Segment Start: DATA RECORDS

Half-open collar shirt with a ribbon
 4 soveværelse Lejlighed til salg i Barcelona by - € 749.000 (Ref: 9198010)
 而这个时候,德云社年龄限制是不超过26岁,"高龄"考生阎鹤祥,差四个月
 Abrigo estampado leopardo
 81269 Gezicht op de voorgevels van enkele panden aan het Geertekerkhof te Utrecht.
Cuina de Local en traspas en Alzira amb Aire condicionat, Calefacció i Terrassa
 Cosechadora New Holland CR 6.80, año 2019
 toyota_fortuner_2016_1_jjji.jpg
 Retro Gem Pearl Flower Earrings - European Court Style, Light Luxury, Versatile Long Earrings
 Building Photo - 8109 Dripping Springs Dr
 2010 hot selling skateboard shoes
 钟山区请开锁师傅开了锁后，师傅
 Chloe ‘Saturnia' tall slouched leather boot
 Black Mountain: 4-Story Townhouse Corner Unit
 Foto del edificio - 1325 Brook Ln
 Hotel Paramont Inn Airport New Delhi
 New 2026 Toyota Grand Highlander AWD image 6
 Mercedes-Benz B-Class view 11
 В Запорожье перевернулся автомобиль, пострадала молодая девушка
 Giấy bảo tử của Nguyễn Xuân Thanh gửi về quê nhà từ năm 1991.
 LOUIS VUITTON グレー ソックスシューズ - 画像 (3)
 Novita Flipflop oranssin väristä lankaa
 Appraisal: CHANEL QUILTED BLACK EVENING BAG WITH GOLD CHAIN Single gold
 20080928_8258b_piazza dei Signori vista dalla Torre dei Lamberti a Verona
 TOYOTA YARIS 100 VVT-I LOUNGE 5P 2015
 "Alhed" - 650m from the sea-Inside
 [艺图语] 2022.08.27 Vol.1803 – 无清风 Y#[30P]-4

Segment End: DATA RECORDS

WORK REQUIRED: Start with the line that contains "20080928_8258b_piazza dei Signori", end with the last line of the entries, and please retype every line in that span exactly, with no others.

YOUR SOLUTION:
 20080928_8258b_piazza dei Signori vista dalla Torre dei Lamberti a Verona
 TOYOTA YARIS 100 VVT-I LOUNGE 5P 2015
 "Alhed" - 650m from the sea-Inside
 [艺图语] 2022.08.27 Vol.1803 – 无清风 Y#[30P]-4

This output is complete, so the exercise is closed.